Джон Китс, поэт-лирик, писавший на высокие темы любви, красоты и искусства, относился к течению лондонских романтиков. По своим прогрессивным политическим убеждениям он был близок Байрону и Шелли, а проповедь «чистого искусства» сделала его приверженцем поэтов «Озерной школы». Творчество Китса — сложное явление, занимающее особое место в истории английского романтизма.
Джон Китс родился в семье типичного представителя английского «среднего класса», и к той же среде принадлежал его опекун. Литературные наклонности Китса проявились очень рано — уже в школе он пробовал сочинять, к тому же Джон с детства пристрастился к чтению и увлекся греческой мифологией. Но опекун мальчика, человек весьма ограниченный, не оценил дарование своего питомца, и будущему поэту пришлось рано оставить школу. В течение четырех лет он был учеником лекаря, затем практикантом в лондонских больницах, ко занятия медициной не привлекали молодого человека: все его помыслы были устремлены к литературе.
Вскоре Китс познакомился с журналистом Ли Хантом, который ввел его в кружок либерально и демократически настроенной интеллигенции, к тому же Ли Хант одобрил первые стихи поэта и поддержал в намерении бросить врачебную практику. Китс оставил медицину, чтобы стать литератором. В мае 1816 года в либеральном журнале «Исследователь» был впервые опубликован его сонет «Одиночество», а в 1817 году вышел первый сборник Китса, куда вошли стихи, написанные им за четыре года. Наряду с поэзией Джон деятельно интересовался театром, он выступал и как театральный критик, и как драматург.
Наиболее плодотворными для его творчества были 1818 и 1819 годы. Он написал поэмы: «Изабелла», «Гиперион», «Канун св. Агнессы» и «Ламия». К этому же периоду относятся его оды: «К Фанни», «Греческой урне», «Соловью», «Осени», сонеты и лирические стихотворения.
Однако наряду с чисто эстетскими произведениями, где поэт пытается создать светлую и благополучную картину мира, Китс сочинял стихотворения, в которых звучали общественно-политические мотивы («О Мире»). Он призывал народы прислушаться к гулу грядущих событий и одновременно создавал теорию «воображаемой красоты», которая невольно уводила поэта от действительности. В этих противоречиях нашли отражение искания Китса, неуверенность и неопределенность его общественной позиции.
С 1819 года в мировоззрении поэта стали отмечаться значительные сдвиги. В его стихотворениях и поэмах все более явственно зазвучали трагические ноты, резкое осуждение неприглядной действительности современной ему Англии, а политические идеи либерализма потеряли для Китса свою былую привлекательность. В поэмах 1819 года его занимает уже не столько условная красота, сколько реальные силы, препятствующие человеческому счастью. Если в начале своего творческого пути Китс уверенно заявлял о том, что истина для него заключается в воображаемой красоте, «отменяющей» все иные соображения, то теперь он увидел бесперспективность и ложность своей былой эстетической позиции и безоговорочно осудил ее. Теперь культ красоты у поэта приобрел новое значение — в мире искусства он стремился сохранить те человеческие ценности, на которые, по его мнению, посягает враждебное им несправедливо устроенное общество. Смысл жизни поэт увидел в отстаивании реальной красоты, созданной людьми и природой. Он, подобно Байрону и Шелли, эволюционировал к реализму.

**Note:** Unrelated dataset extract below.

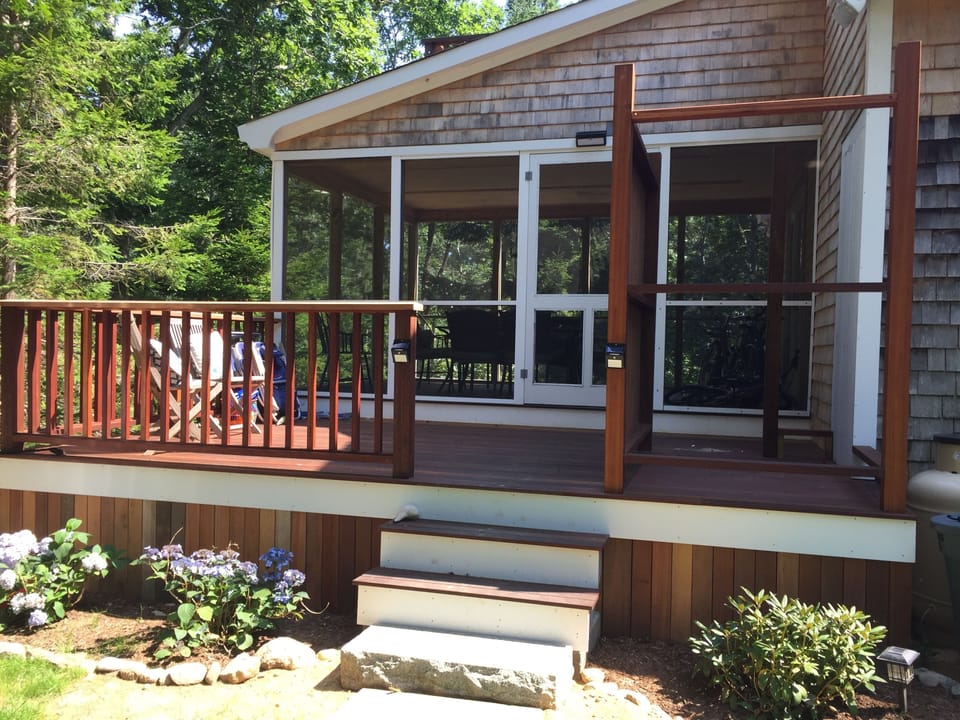 Screened porch and side deck.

В 1820 году здоровье поэта резко ухудшилось, поэтому друзья настояли на его поездке в Италию; недолго прожив там, Джон Китс умер от туберкулеза в феврале 1821 года. Его литературная деятельность длилась немногим более пяти лет. Китс умер очень молодым, когда его мировоззрение, по существу, только начало складываться. Рассматривая поэзию Джона Китса и определяя ее место в истории английской литературы, мы должны помнить, что незаурядный талант поэта не достиг своего полного развития и что его творчество есть процесс незавершенный, оборванный.

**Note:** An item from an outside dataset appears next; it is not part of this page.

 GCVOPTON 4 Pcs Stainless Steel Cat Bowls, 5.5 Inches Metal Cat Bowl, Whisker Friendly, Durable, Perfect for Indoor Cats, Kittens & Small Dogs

На протяжении всего своего короткого творческого пути Китс охотно обращался к сонету и в совершенстве овладел этой сложной и строгой поэтической формой. Его сонетам присущи простота и легкость стиха, свидетельствующие о высоком мастерстве поэта и богатстве его языка. Словарь Китса замечательно богат определениями цветов и оттенков: «dark violet eyes» (темно-фиалковые глаза), «creamy breast» (кремовая грудь), «ivory» (цвет слоновой кости, перламутровый); выражениями, при помощи которых можно передать особенно точно вкусовое ощущение, звук, зрительное восприятие: «the stars look very cold about the sky» (очень холодно смотрят звезды с неба), «it keeps eternat whisperings around desolate shoris» (оно [море] хранит вечный шепот над заброшенными берегами). Стремясь как можно разнообразнее охарактеризовать явление, поэт прибегает к системе сложных эпитетов, сложных прилагательных, соединяющих несколько слов в одно, «milk-white» (молочно-бледный), «half-shut eyes» (полузакрытые глаза), «snow-clouds mist» (снежно-облачная мгла).

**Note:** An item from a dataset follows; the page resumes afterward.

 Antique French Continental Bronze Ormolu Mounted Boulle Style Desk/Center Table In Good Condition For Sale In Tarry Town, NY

Сонеты Китса отличаются глубиной философской мысли и вместе с тем простотой музыкальной и гармонической формы. Ведущая тема его сонетов — преклонение перед красотой и благотворным воздействием могущественной и щедрой природы и искусства на человека:
Тому, кто в городе был заточен,
Такая радость видеть над собою
Открытый лик небес и на покое
Дышать молитвой, тихой, точно сон.
И счастлив тот, кто, сладко утомлен,
Найдет в траве убежище от зноя
И перечтет прекрасное, простое
Преданье о любви былых времен…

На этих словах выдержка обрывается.